Заправляла тут местная интеллигенция: Мотя Едомский со своею женой Ангелиной. Оба – люди пришлые, оба – с образованием, полученным лет тридцать назад в мединституте. Приехали в Астахино по распределению да так и остались. Эскулапам за их трудовое геройство по решению местной администрации был срублен большой дом из соснового кругляка. Мало того – пристроен и сдан в эксплуатацию стоматологический кабинет, оборудованный бормашиной БПК, креслом, взятым из районной парикмахерской, и автомобильной фарой вместо бестеневой лампы. И хотя советская бормашина работала на низких оборотах да к тому же беспрерывно вздрагивала, отчего из развёрстой пасти пациента струился сизый дымок с запахом горелой кости, сельские жители восприняли местную стоматологию как научно-технический прорыв. В прежние времена ведь только щипцы да «козья ножка». И по живому!

Помимо сверления зубов, Мотя умел вправлять вывихнутые и поломанные кости, резать чирьи, укрощать лихоманку, ушивать килы, изводить чесотку, золотуху и сучье вымя. По пьяному делу, случалось, грозился, будто может разрезать человека от горла и до лобка и даже вскрыть ему череп, однако продемонстрировать это варварство ему пока, слава Богу, не удавалось. Нуждающийся в хирургическом вмешательстве народ отправляли в райцентр. Супружница его Ангелина специализировалась больше по бабьему делу: сражалась с маститами в грудях, подсобляла акушеркой при родах, но чаще выписывала направления на выскабливание в районную больницу. Она и сама скоблила обрюхатевших баб – втихаря, на ранних сроках и по большому, как говорится, блату. Про этот подпольный абортарий, помимо рядовых гражданок, знал и местный участковый, и глава сельской администрации Веттин, однако, по причине личной заинтересованности собственных жён, тайну эту хранили пуще государственной.

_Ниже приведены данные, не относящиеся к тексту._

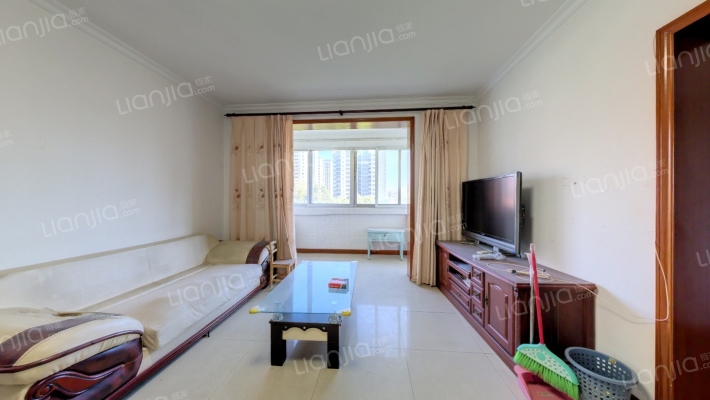 鸿达嘉苑二手房实景图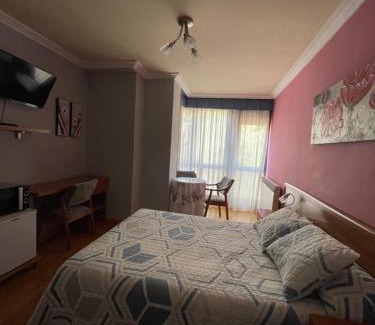 Burgos Casa | Hostal Santiago 2
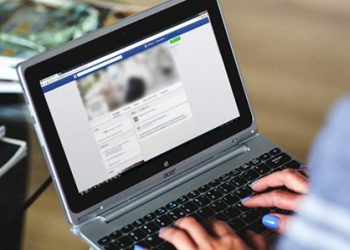 Família deve ser indenizada após comentários publicados em rede social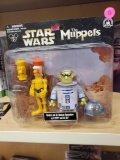 DISNEY PARKS AUTHENTIC, STAR WARS THE MUPPETS FIGURES, BEAKER AND DR. BUNSEN HONEYDEW AS C-3PO AND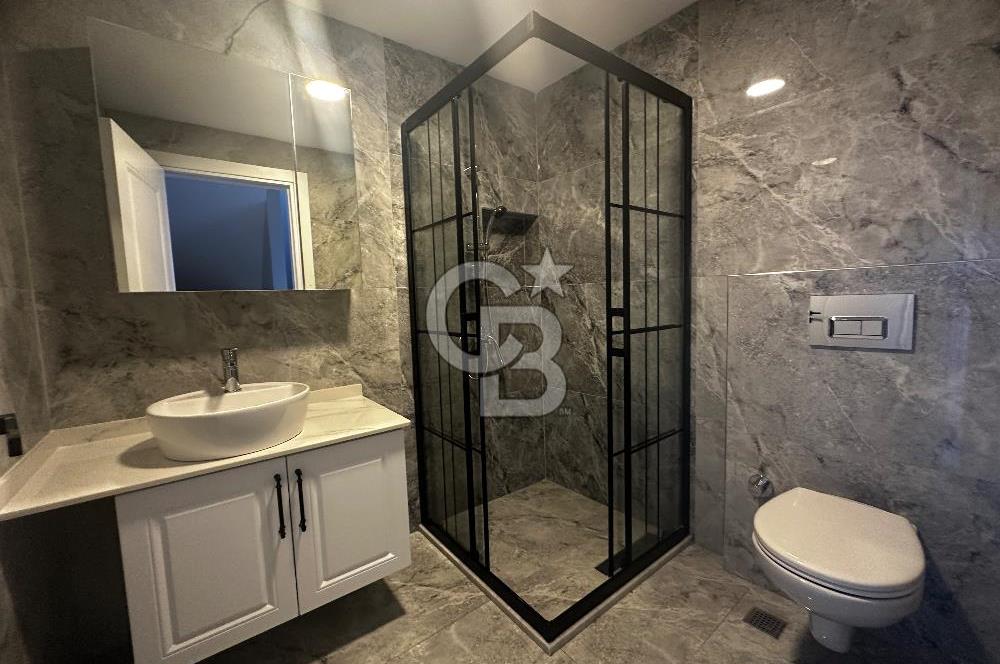 Urla Yelaltı’nda teraslı,seçkin tripleks ikiz villa
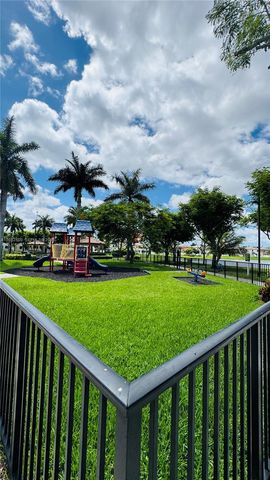3355 W 90th Ter, Hialeah, FL 33018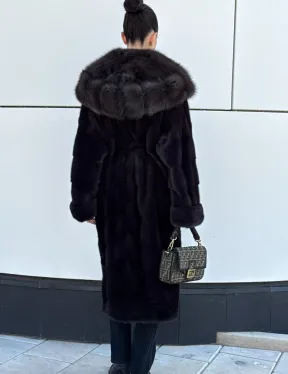 Шуба норковая с капюшоном из меха куница - цвет уголь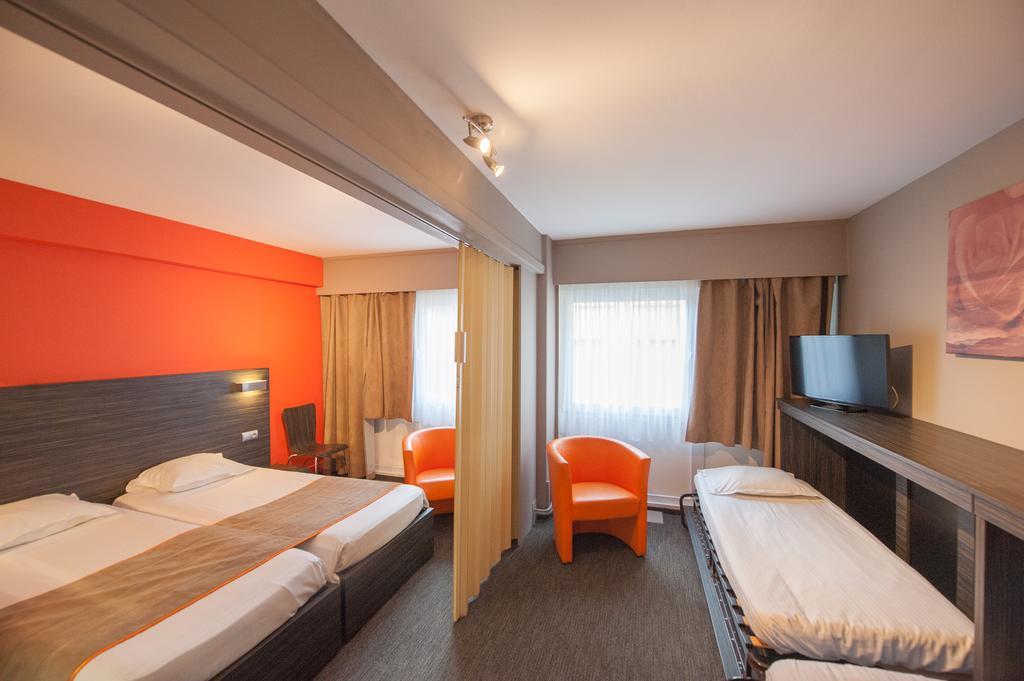 Ostend Hotel Luaran gambar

В шлакоблочном здании фельдшерского пункта народа – не пропихнуться. Кто отсёк себе литовкой фалангу, кто поганых грибов обожрался, кто обжёгся ядовитым борщевиком, а у кого – обычный понос. Стоят и сидят смиренно на лавочках в коридоре, покуда Мотя рвёт Льву Николаевичу Толстому «гнилушку», после которой у светоча сельского образования останется восемь своих зубов да ещё ровно столько же вставных, из металла. Едомский уже и десну скальпелем разрезал и обколол с обеих сторон новокаином. «Гнилушка» крошилась трухой, но упиралась. «Видать, у ней корень, язви твою мать, кривой, – рассуждал вслух Едомский. – Будь у меня рентген, я б тебе явственно доказал». Однако рентген появлялся в Астахино единожды в году – для обязательной проверки на туберкулёз. Так что Геннадию приходилось лечить и рвать зубы вслепую. Наконец он извернулся, вогнал в «гнилушку» козью ножку и потянул изо всех сил, упираясь локтем в грудь старого учителя. Что-то хрустнуло в голове Льва Николаевича, и в то же мгновение озарилась солнцем Мотина морда. В окровавленных пальцах он победно сжимал гнилой учительский зуб.